• [Dataset excerpts]:

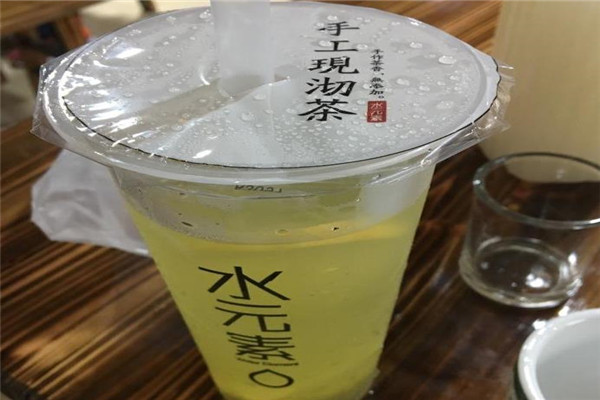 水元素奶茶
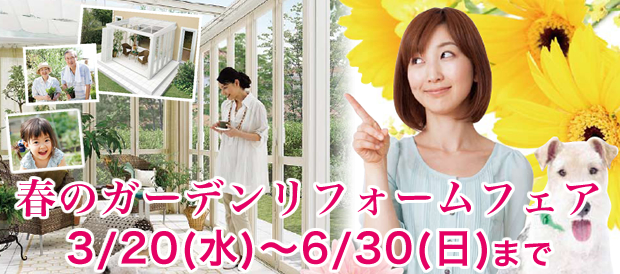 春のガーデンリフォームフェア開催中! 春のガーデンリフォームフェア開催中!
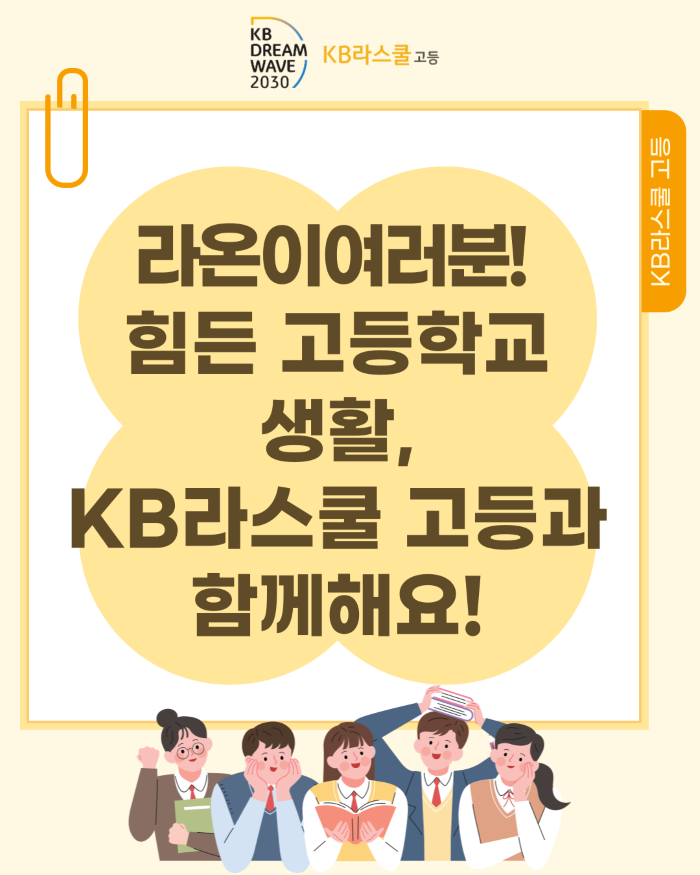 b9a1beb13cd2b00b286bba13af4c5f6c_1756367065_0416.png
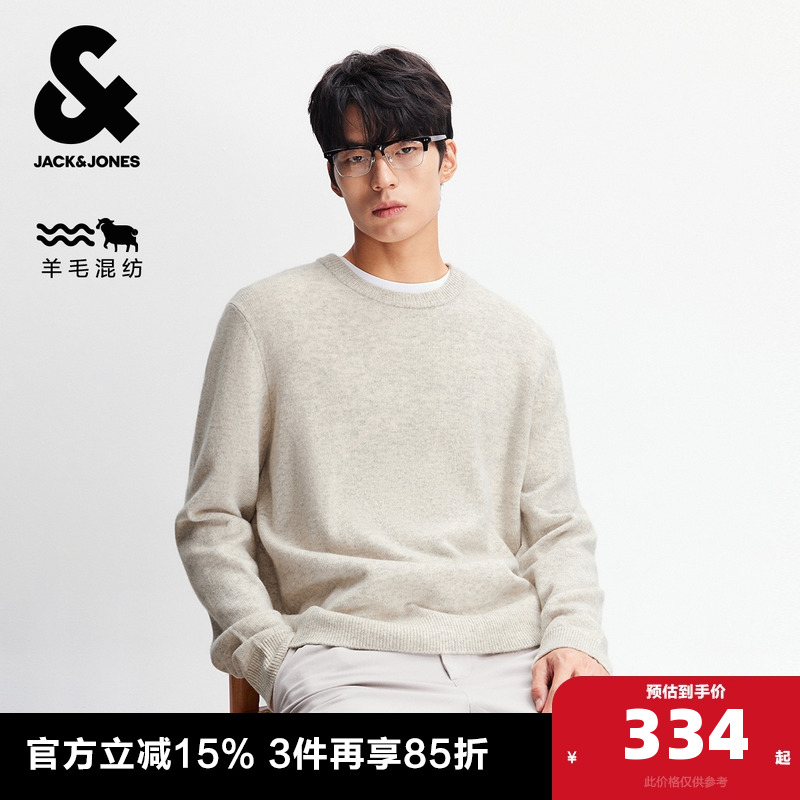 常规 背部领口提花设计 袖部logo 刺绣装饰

==

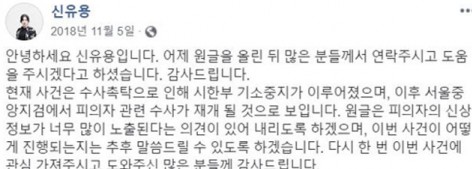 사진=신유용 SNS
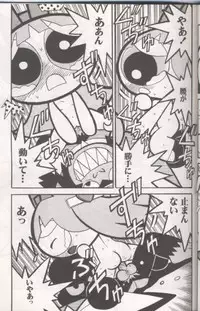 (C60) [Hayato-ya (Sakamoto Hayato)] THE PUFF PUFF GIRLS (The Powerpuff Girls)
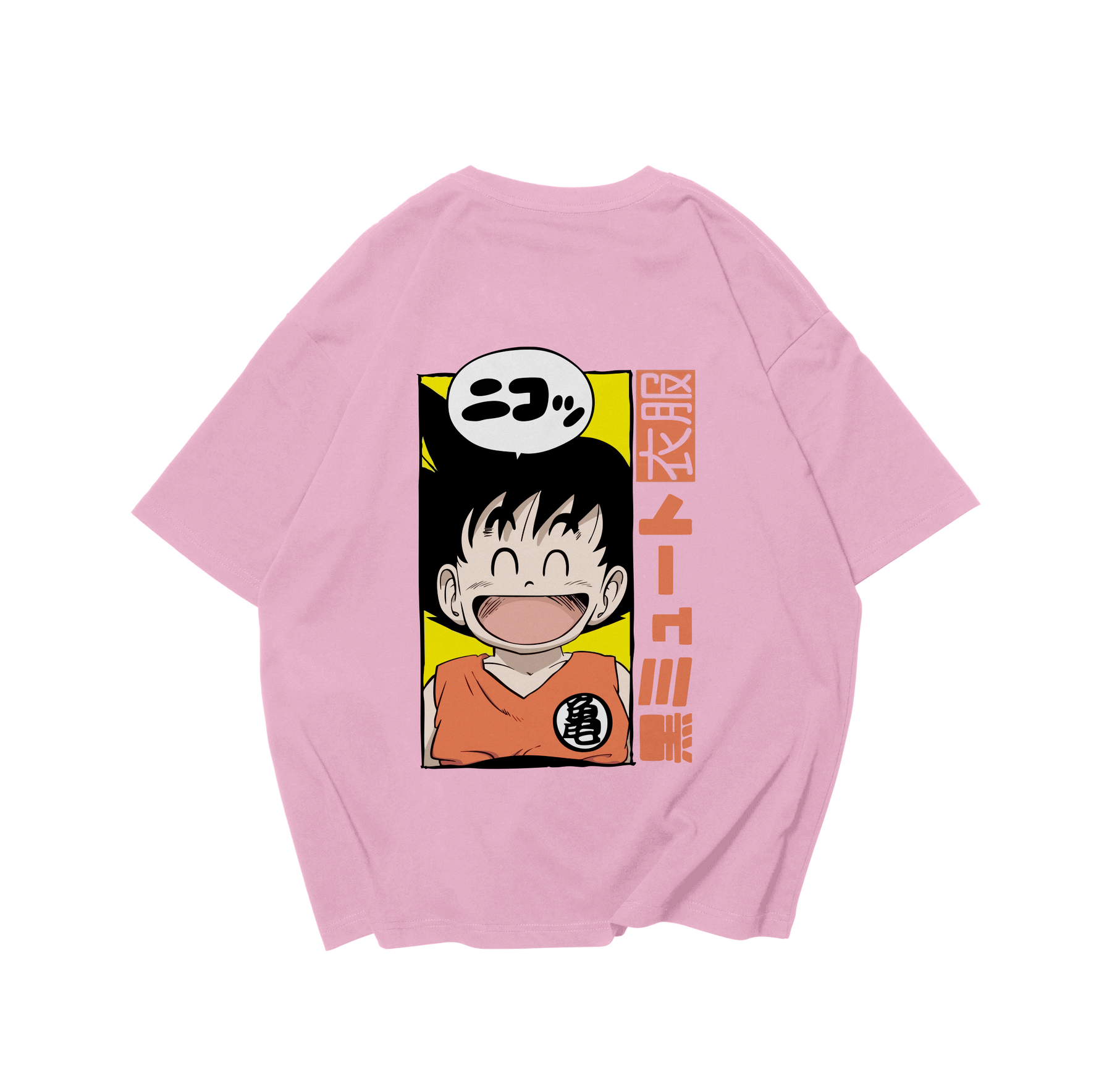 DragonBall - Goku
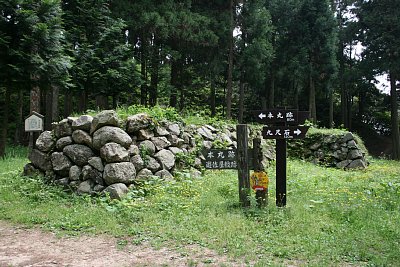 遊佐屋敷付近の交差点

---

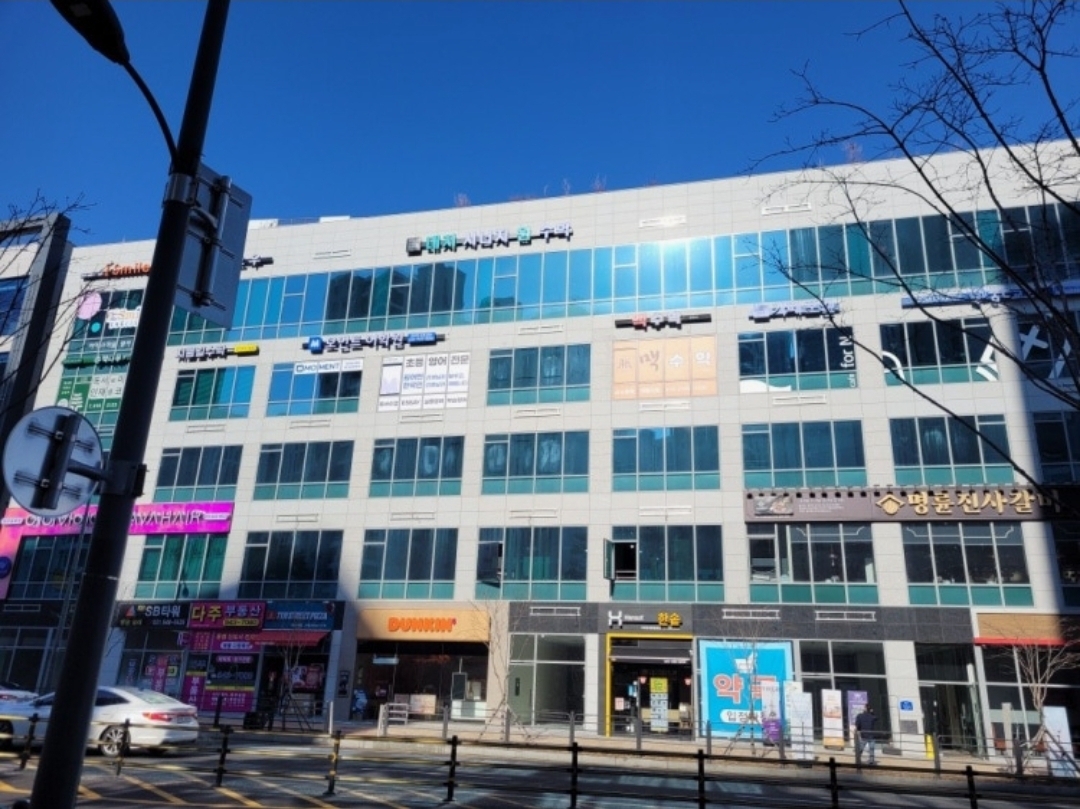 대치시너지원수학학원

• [Action item]:
Retype, exactly and with no pictures, everything above from the line with "b9a1beb13cd2b00b286bba13af4c5f6c_1756367065_0416.png" down to the line with "常规 背部领口提花设计 袖部logo 刺绣装饰", both included.

• [Response]:
 b9a1beb13cd2b00b286bba13af4c5f6c_1756367065_0416.png
 常规 背部领口提花设计 袖部logo 刺绣装饰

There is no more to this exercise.